Dubbed the "Father of Atlanta" and "hard fighter of everything," Jonathan Norcross was a pioneer in the railroad town.

Following Indian removal in the 1830s, in 1844 Norcross moved to northern Georgia, where he became a successful dry goods merchant and sawmill operator. His sawmill produced mainly railroad ties and string timbers for the assembly of the Georgia Railroad, which had a terminus at Atlanta. Reclaiming timber and debris discarded by the sawmill, poor settlers quickly began building crude shanties for their families.

=== Rise and fall ===
In 1845, pioneer life could be characterized as desolate and distinct with simple pleasures. The numerous male railroad workers in Atlanta sought rough trade. About 15 years before the American Civil War, this was a time of ill repute for Atlanta; the railroad town was known for vice and political corruption. A collection of huts, shacks, brothels, and saloons began developing in the settlement. It grew alongside the similar nearby developments of Snake Nation and Murrell's Row.
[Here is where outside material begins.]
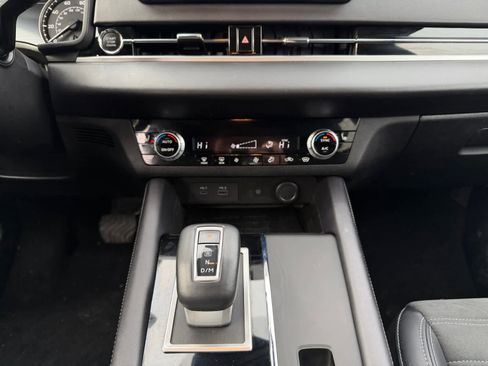 Used 2024 Mitsubishi Outlander SE image 15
Norcross commented, "the reason why the streets are so crooked, is that every man built on his land just to suit himself."

In 1851, there was an election for the Mayor of Atlanta. The Free and Rowdy Party ("rowdies") which represented the "toughs" of Slabtown, Murrell's Row, and Snake Nation, nominated lawyer and former city councilman L. C. Simpson. (Note: Martin, p.89) The Moral Party nominated Jonathan Norcross. (Note: Martin, p.89) Norcross won the election, becoming the fourth mayor of Atlanta. Soon Norcross, who was now in charge of the police court, made a point of sending rowdies to the city's new jail. After some rowdies threatened the mayor with a cannon, Norcross met with the city council for a secret emergency meeting and began deputizing people loyal to the Moral Party, who that evening were armed and stationed at Norcross' store and in various areas around the city. The rowdies also formed an armed militia, but did not attempt to fire the cannon. Then, at midnight, several squads of the deputized force cleared much of Slabtown and arrested Free and Rowdy Party leaders, who were tried and jailed the next day. (Note: Martin, pp. 91–93) However, Slabtown was not cleared permanently at this time, and was quickly rebuilt.
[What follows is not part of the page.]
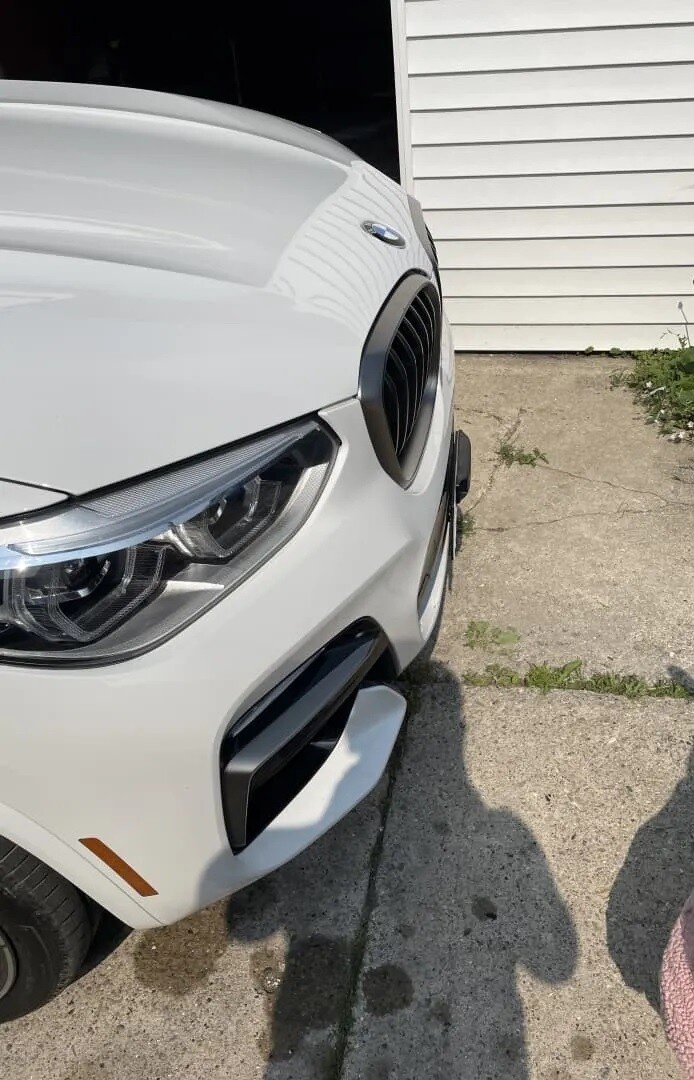 Sly Bracket for BMW X3 with mesh lower grille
In 1902, an informal militia in disguise, known as White Caps, attacked Slab Town and Snake Nation in the night. (Note: Martin, pp. 93–94) They whipped the men and hauled the women to Decatur in wagons, warning all of them to leave town. (Note: Martin, pp. 93–94) They also burned down the shanties, and the area was abandoned.
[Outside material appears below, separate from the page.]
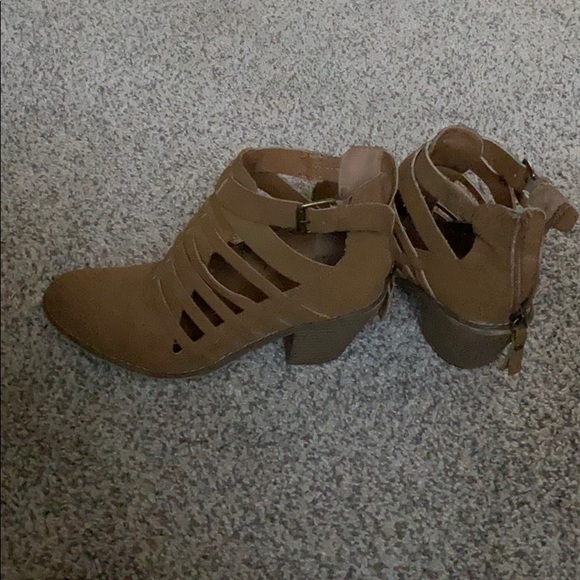 Guess booties - Picture 3 of 3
=== 21st-century art and Slabtown ===
In early February 2010, Atlanta Beltline, Inc. (ABI) and Atlanta's Office of Cultural Affairs developed a project Art on the Beltline: Atlanta's New Public Place as part of redevelopment of the former industrial areas around the city. They sequenced visual and performance art installations, as well as historic site interpretations, at different points along the Atlanta Beltline to draw the public. A sculptural homage of the City's historic Slabtown was assembled by the contemporary art collective THE STATUS FACTION. Located on Irwin Street at the Beltline, the Slab Town installation resembles the "slab-style residences" which were destroyed and abandoned in 1902.